§ Exercise directions:
Please restate, word for word, the lines below that begin at the one with "A couple getting" and end at the one with "ION Neo Top". Leave out all other lines.

§ Input records:

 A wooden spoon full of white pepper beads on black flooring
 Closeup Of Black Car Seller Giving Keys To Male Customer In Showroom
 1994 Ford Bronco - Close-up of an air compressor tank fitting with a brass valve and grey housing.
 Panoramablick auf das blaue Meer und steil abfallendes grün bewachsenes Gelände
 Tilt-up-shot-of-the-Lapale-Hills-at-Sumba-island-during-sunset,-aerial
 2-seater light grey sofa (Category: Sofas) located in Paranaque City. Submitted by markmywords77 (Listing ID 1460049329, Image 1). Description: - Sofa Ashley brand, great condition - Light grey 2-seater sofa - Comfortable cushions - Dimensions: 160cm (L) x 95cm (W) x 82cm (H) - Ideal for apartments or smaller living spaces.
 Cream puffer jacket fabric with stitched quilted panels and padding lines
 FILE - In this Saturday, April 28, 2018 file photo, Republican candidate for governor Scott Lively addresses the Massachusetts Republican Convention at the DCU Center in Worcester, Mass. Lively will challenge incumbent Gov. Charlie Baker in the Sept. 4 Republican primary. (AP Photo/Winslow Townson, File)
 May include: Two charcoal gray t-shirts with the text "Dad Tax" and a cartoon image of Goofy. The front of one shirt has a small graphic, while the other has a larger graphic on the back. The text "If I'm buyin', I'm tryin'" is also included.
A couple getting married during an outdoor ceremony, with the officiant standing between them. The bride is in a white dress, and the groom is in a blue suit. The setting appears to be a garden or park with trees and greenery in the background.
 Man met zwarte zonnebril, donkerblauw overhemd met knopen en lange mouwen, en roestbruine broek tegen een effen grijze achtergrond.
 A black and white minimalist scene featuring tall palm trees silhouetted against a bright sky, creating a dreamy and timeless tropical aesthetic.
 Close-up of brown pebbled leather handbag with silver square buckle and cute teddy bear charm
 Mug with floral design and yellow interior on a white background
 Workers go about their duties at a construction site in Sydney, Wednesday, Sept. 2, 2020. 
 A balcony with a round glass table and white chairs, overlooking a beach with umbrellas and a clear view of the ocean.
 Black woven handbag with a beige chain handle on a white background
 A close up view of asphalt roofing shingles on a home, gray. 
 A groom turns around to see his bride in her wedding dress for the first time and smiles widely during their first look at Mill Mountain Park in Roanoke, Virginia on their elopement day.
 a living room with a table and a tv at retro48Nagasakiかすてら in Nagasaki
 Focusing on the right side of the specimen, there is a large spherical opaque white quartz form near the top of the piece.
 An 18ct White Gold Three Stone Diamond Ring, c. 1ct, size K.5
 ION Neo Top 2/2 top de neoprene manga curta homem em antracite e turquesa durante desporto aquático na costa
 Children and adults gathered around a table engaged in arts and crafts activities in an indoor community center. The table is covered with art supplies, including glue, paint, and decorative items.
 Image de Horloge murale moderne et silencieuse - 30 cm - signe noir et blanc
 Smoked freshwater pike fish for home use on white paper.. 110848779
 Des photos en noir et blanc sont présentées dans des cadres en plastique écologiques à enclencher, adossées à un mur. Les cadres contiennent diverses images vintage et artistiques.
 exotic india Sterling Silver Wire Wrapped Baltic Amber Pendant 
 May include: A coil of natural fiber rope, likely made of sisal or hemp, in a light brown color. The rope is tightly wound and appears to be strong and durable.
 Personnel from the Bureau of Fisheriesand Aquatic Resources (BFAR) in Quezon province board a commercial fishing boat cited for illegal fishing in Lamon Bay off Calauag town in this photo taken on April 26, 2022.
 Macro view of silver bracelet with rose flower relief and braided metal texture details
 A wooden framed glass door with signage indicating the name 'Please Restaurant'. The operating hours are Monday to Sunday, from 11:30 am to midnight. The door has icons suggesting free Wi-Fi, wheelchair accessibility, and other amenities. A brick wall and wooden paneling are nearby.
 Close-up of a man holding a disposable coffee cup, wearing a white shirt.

§ Solution to the exercise:
A couple getting married during an outdoor ceremony, with the officiant standing between them. The bride is in a white dress, and the groom is in a blue suit. The setting appears to be a garden or park with trees and greenery in the background.
 Man met zwarte zonnebril, donkerblauw overhemd met knopen en lange mouwen, en roestbruine broek tegen een effen grijze achtergrond.
 A black and white minimalist scene featuring tall palm trees silhouetted against a bright sky, creating a dreamy and timeless tropical aesthetic.
 Close-up of brown pebbled leather handbag with silver square buckle and cute teddy bear charm
 Mug with floral design and yellow interior on a white background
 Workers go about their duties at a construction site in Sydney, Wednesday, Sept. 2, 2020. 
 A balcony with a round glass table and white chairs, overlooking a beach with umbrellas and a clear view of the ocean.
 Black woven handbag with a beige chain handle on a white background
 A close up view of asphalt roofing shingles on a home, gray. 
 A groom turns around to see his bride in her wedding dress for the first time and smiles widely during their first look at Mill Mountain Park in Roanoke, Virginia on their elopement day.
 a living room with a table and a tv at retro48Nagasakiかすてら in Nagasaki
 Focusing on the right side of the specimen, there is a large spherical opaque white quartz form near the top of the piece.
 An 18ct White Gold Three Stone Diamond Ring, c. 1ct, size K.5
 ION Neo Top 2/2 top de neoprene manga curta homem em antracite e turquesa durante desporto aquático na costa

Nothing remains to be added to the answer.